For the second year in a row the Media Literacy Coalition is organizing a campaign connected with children’s safety in the digital media environment. The media literacy days, 2019 (4 February – 10 March) aim to help identify fake information via various initiatives and targeted training, with the ultimate objective of forming critical thinking skills among school-goers and students of journalism at universities.
The campaign also involves parents in the process of acquiring literacy skills. Thanks to a special academy for parents they will find out, for example, how to introduce their children to the internet and what the best age to do so is. Every one of the participants will find out how to create a safe internet environment and what precautions can be taken before the child is given access to the digital world. Red Cross volunteers and experts from the Safe Internet Centre will create a video “Five facts about lies” which will be made available on social networks. The interactive programme also includes different competitions, all of them focusing on the verification of facts and their sources.
“Anyone can sift through information as long as they have a trained critical eye,” says Kristina Hristova, coordinator at the Media Literacy Coalition. “Children are as susceptible as adults. The important thing is to teach them to think, to analyse the information they are using, as they would the food, the clothes or the devices they choose to buy. In the same way that they want to know where the product comes from and who the manufacturer is, they should learn to recognize sources of information.”
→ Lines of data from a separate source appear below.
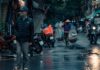 Taifun Yagi verursacht Verwüstungen in Vietnam
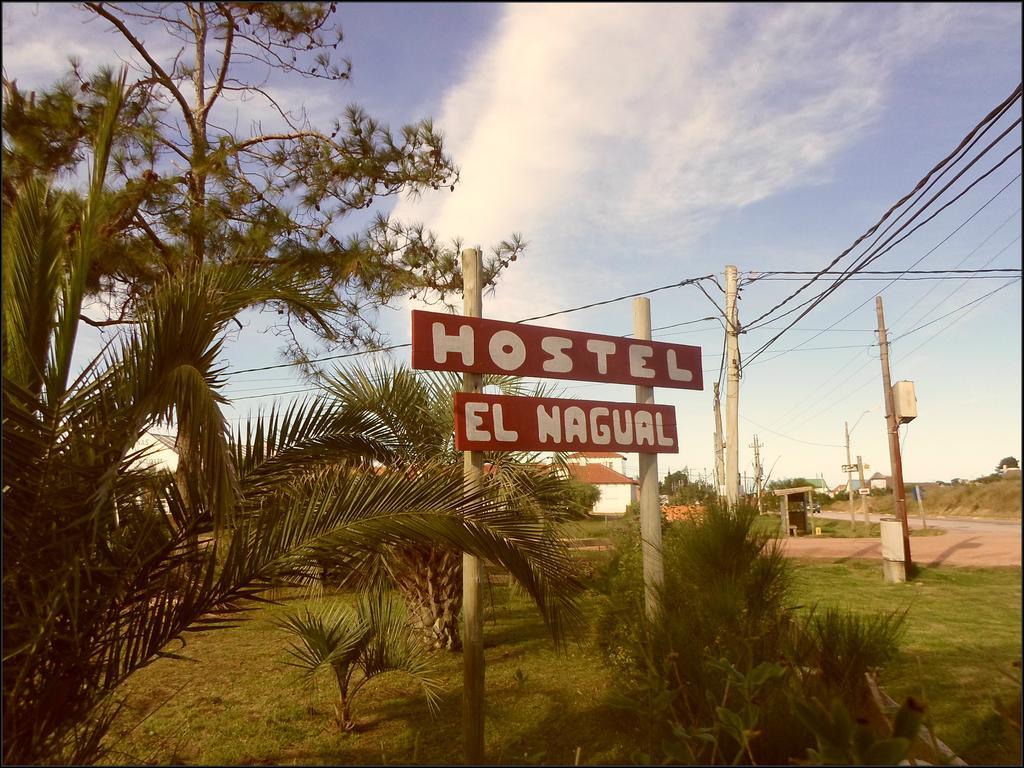 פונטה דל דיאבלו Hostel El Nagual מראה חיצוני תמונה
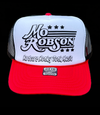 “Hardcore Honky Tonk” Trucker Hat (4 Different Colors)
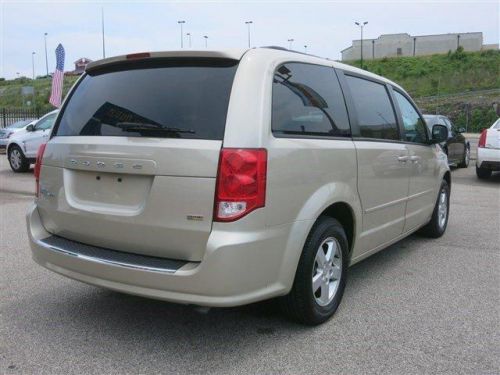 2013 Dodge Grand Caravan SXT, US $18,888.00, image 2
Kristina Hristova says analysis and the formation of critical thinking skills are given insufficient attention in educational programmes. That is the reason why the Media Literacy Coalition aims to bring together different kinds of specialists whose expertise and experience can be made use of to develop new methodologies which can then be offered to the Ministry of Education.
Fake news is a problem that has been spreading across the world like wildfire, and children are especially vulnerable when they are online, especially if they lack the basic skills to swim in the virtual ocean of information. According to UNICEF data, 87 percent of Bulgarian children surf the internet regularly, and that is why the coalition is hoping to see media literacy become an integral part of the process of education as a separate subject, but also as an additional tool to be used in all other subjects taught at school:
“This opens the way to a critical analysis of information, the skills to handle information, a creative approach, and wards off the risks of the internet. These are all elements that should be scrutinized all the time and in different forms,” says Kristina Hristova.
The perils of the internet are well known, and have been for a long time. According to data of the Ministry of Education, 8,000 instances of bullying at school were registered in 2016 and 2017 alone. The instances of cyberbullying in 2016 account for 38 percent of all bullying, which means an increase by 25 whole percent compared to 2010, the ministry says.